== Segment start ==

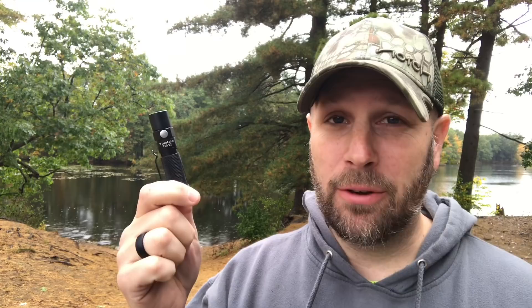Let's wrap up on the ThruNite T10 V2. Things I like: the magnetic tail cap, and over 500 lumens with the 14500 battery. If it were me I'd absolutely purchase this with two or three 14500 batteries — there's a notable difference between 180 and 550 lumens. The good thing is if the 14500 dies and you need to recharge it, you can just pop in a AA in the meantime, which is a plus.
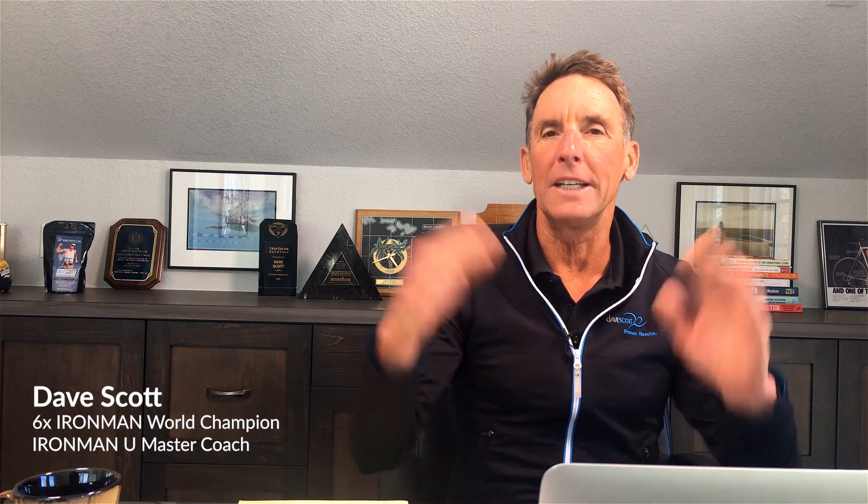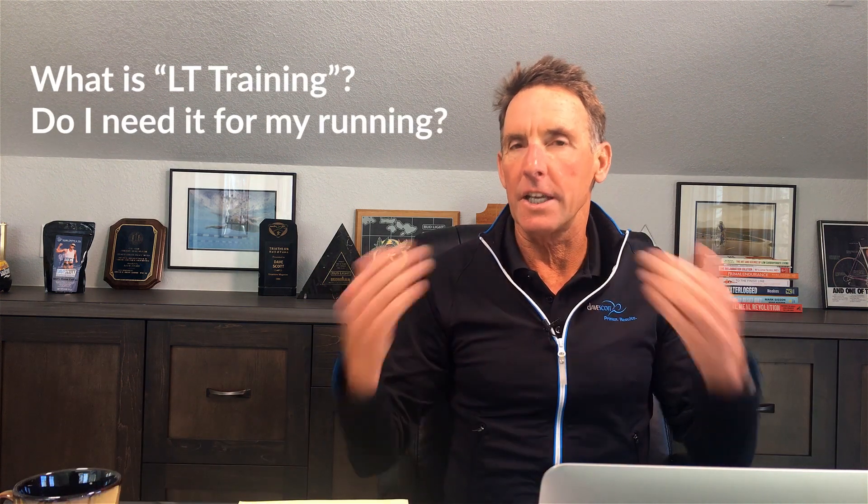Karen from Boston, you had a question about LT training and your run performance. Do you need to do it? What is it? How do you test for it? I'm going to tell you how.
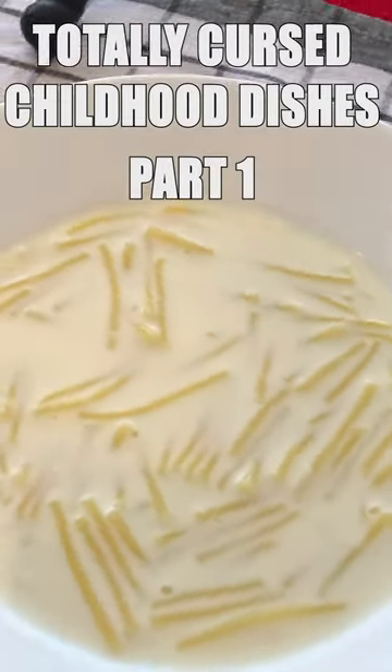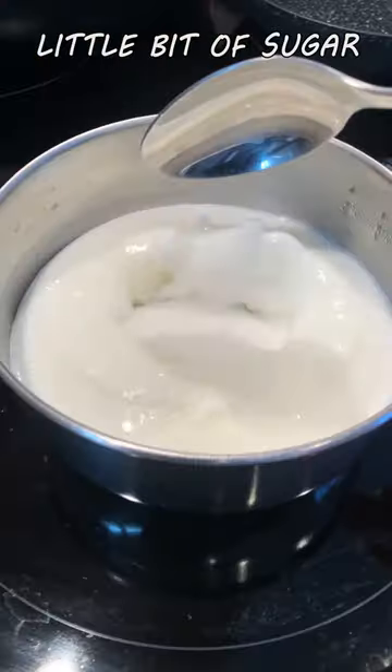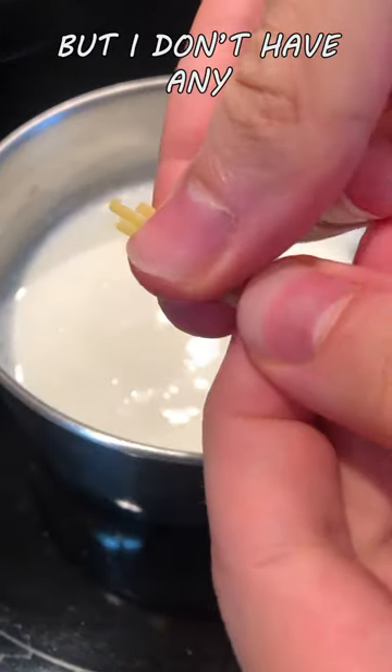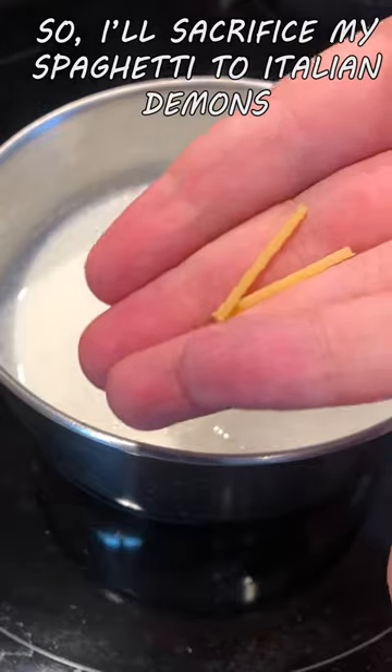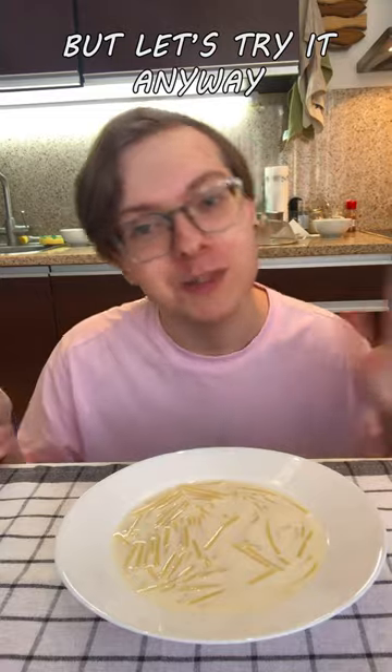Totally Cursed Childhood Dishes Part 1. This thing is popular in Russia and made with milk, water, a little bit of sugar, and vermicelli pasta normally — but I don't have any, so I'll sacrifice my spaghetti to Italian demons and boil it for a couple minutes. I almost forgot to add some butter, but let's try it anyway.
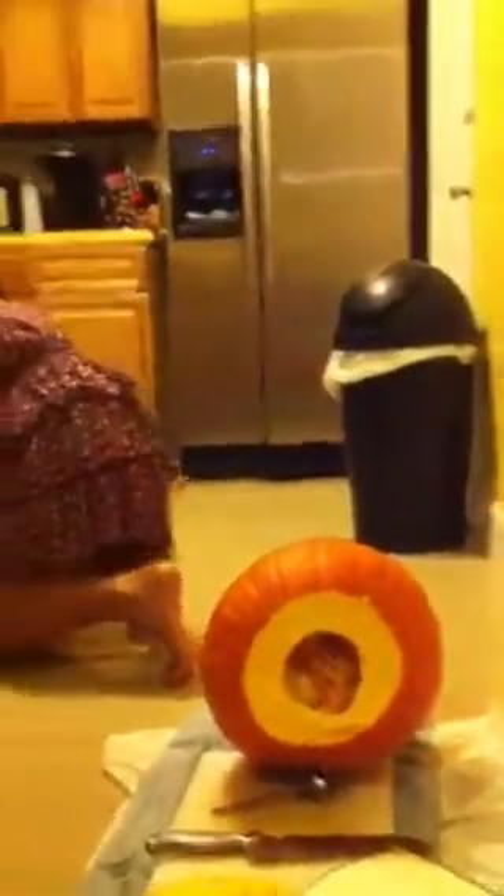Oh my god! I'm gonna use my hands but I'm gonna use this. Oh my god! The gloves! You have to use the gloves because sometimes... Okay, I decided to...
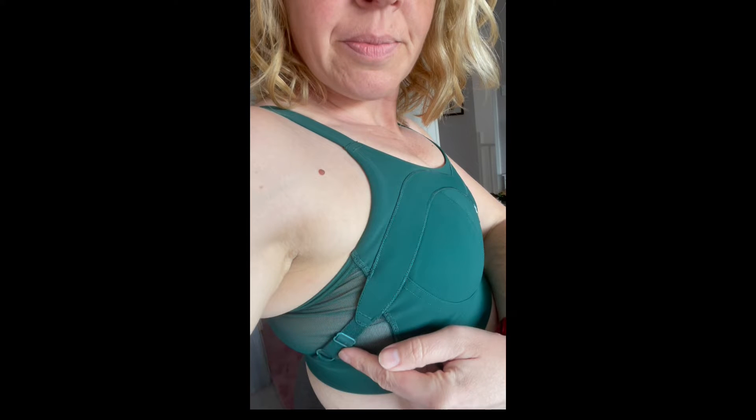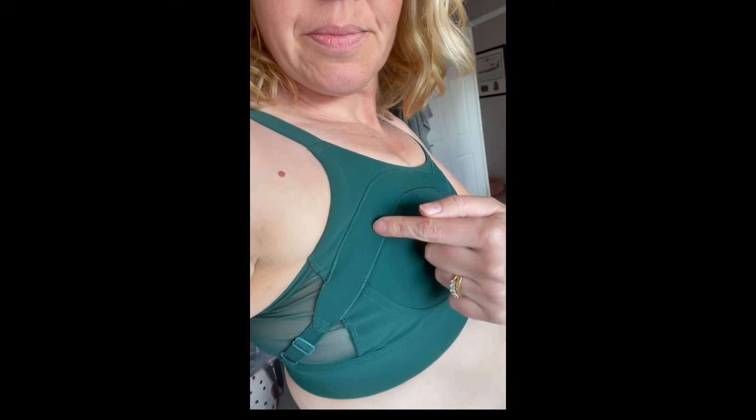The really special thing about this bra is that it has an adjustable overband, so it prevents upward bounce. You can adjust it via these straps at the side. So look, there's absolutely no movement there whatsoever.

== Segment end ==

→ **PROMPT**: Exactly as they stand, write the lines from the one holding "Oh my god! I'm" to the end of the material, both ends included. Do not copy the pictures.

→ **SOLUTION FOR THIS TASK**:
Oh my god! I'm gonna use my hands but I'm gonna use this. Oh my god! The gloves! You have to use the gloves because sometimes... Okay, I decided to...
The really special thing about this bra is that it has an adjustable overband, so it prevents upward bounce. You can adjust it via these straps at the side. So look, there's absolutely no movement there whatsoever.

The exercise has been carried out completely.